Roasted Red Peppers are so easy and flavorful that you’re going to want to make these regularly.
Let me show you my favorite way to make Roasted Red Peppers. Soon you’ll be eating them with every meal or snack.
Roasted Red Peppers or capsicum as they are known in Australia, have always been a staple in my home especially growing up when we grew all our own vegetables. While the peppers were plentiful, my mother would be roasting them all the time and freezing them for later. Roasting sweetens and intensifies the flavor of the sweet pepper.
Which red peppers to select?
Of course the most important part is selecting the best red peppers to roast. Be sure to choose firm, unblemished peppers or capsicum that feel heavy for their size. You can use other colored peppers, such as green or yellow, however I find the green, in particular, are harder to peel.
Let’s get on to the roasting part.
There are a few of ways to roast red peppers which you may have seen in cookbooks or on various sites.
You could hold a red pepper over a flame (with tongs, of course!) but this means you can only roast one pepper at a time.
Or you could slice each pepper in half, scoop out the seeds, lay then cut side down on an oven pan and roast them under the broiler. With this method, I find it hard to get an even roasting on all sides.
What about an open fire? Sure, throw them in and go for it. Just be careful with this method that you don’t completely burn your peppers. You will have to be very vigilant!
My Roasted Red Peppers are super easy and delicious!
I prefer and recommend this method for Roasted Red Peppers. This is my family recipe.
- Take a baking pan
- Place whole red peppers in one layer in the pan. No oil or anything else!
- Pop into a hot oven for 20 minutes.
- Turn peppers over.
- Roast for another 20 minutes. (By now your kitchen is filled with gorgeous aromas!)
- Check peppers. Turn again to evenly char.
- Roast for a further 10-20 minutes.
- Remove. Allow to cool slightly before peeling and de-seeding.
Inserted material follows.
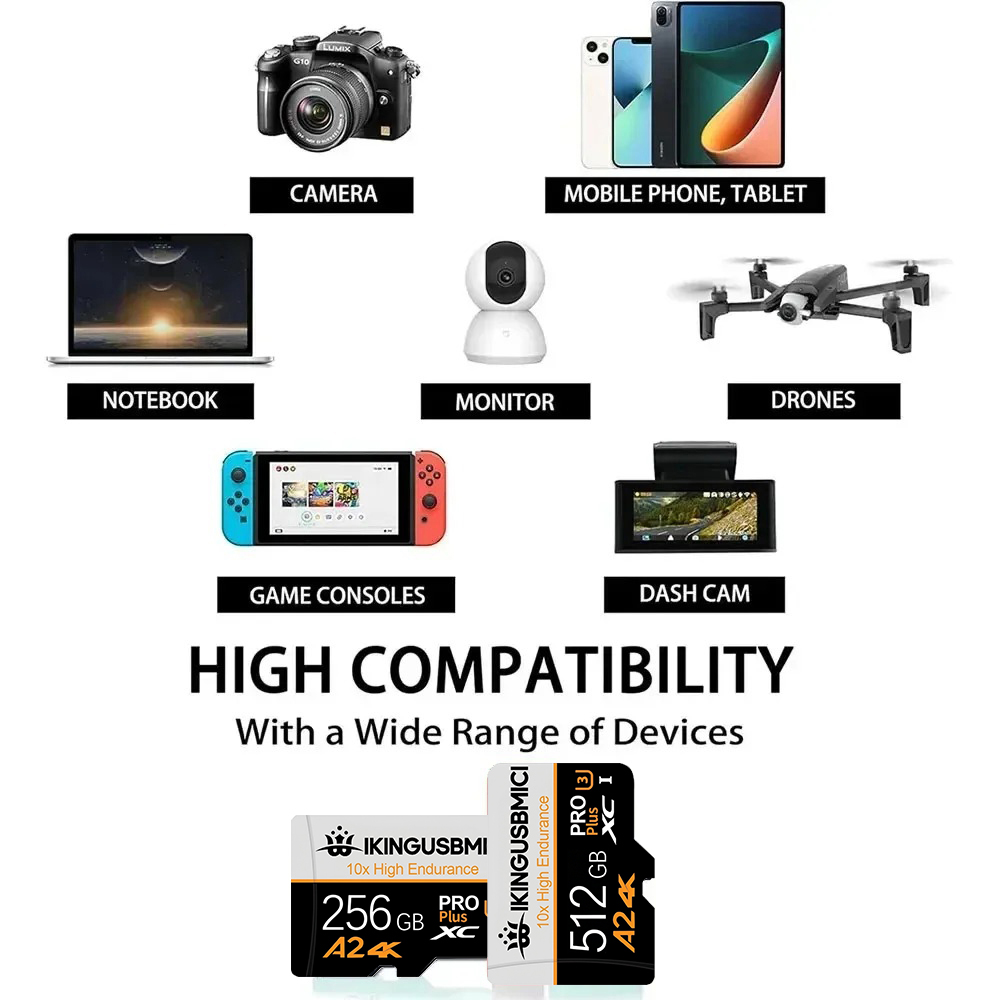 Reliable TF Cards 512GB 256GB  - огляд і ціна Gaming Console And Monitor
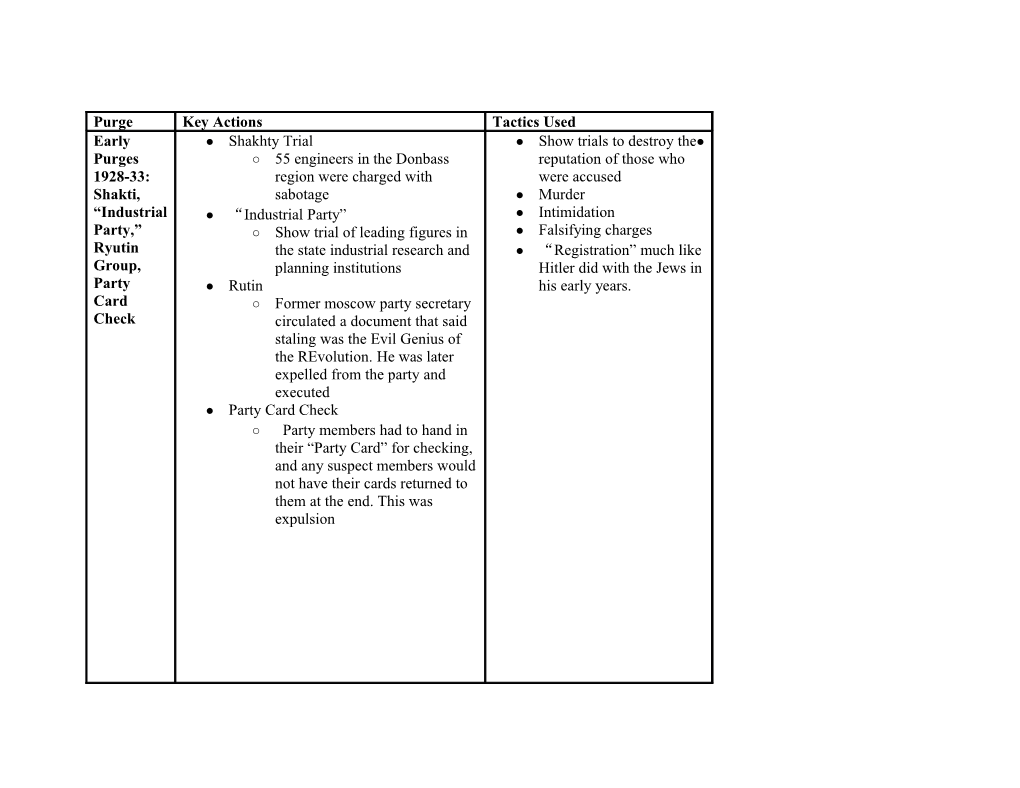 1. Why Does Stalin Continue These Destructive Policies from 1933 Until He Dies and How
I can hear you asking why this method? By preparing my Roasted Red Peppers like this, I save time by roasting in bulk. Furthermore roasting a whole pepper creates steam inside the pepper which softens the flesh but doesn’t break it down completely. Finally, with the red peppers in the oven, I am free to have cup of tea or get on with whatever I’m doing. The only interruption is to turn the red peppers twice in that time. Super easy!
How to use Roasted Red Peppers
The Italian way to dress Roasted Red Peppers is simply with good olive oil, chopped fresh garlic and a sprinkle of salt. The chopped garlic will impart good flavor, you don’t have to eat it!
If you are an anchovy lover, like I am, omit the salt and instead add a few anchovies to add salt and piquancy.
These Roasted Red Peppers are the perfect accompaniment for your next picnic spread, barbecue or roast chicken. Why not make a salsa dip by substituting roasted red peppers for tomatoes or add them to your taco bowls. I love it in a pasta salad or in a panino with cheese and prosciutto.
Now that you know how to make your own Roasted Red Peppers you’ll never want the jarred version again!
- 6 large red peppers or capsicum
- 4 tablespoons extra virgin olive oil approx
- 1-2 garlic cloves chopped
- 1/2 teaspoon salt flakes or to taste
- 6 anchovies optional
Preheat oven to 200°/400°F
Place whole red peppers in one layer in the large baking pan. No oil or anything else!
Pop into the preheated oven for 20 minutes. At this point the skin on the peppers should start bubbling and loosening.
Using tongs, turn peppers over by about a third so that they cooked evenly.
Roast for another 20 minutes. By now your kitchen is filled with gorgeous aromas and the peppers should be starting to char.
Check peppers. Turn them over again so that the most uncharred area is on top.
Roast for a further 10-20 minutes. You may need more or less depending on how large your peppers are. When done, the peppers should be at least 50% blackened, the skin should look loose and wrinkled and the peppers should be starting to collapse.
Remove from the oven and allow to cool slightly.
Using your fingers, peel off the blackened skins. Pull at the stalk and remove the stalk and seeds. Most of the seeds should come with the stalk.
Cut or pull apart the roasted red peppers. This is easy to do using the natural segments in the peppers. Remove any remaining seeds.
Dress with extra virgin olive oil, chopped garlic and a sprinkle of salt. Anchovies are optional but traditional in my family.
Serve warm or cold.
Roasted Red Peppers can be stored with the dressing in a sealed container in the refrigerator for one week. To freeze - place undressed roasted red peppers in click seal bags, remove excess air before freezing. Defrost in refrigerator then proceed with dressing or serve as desired.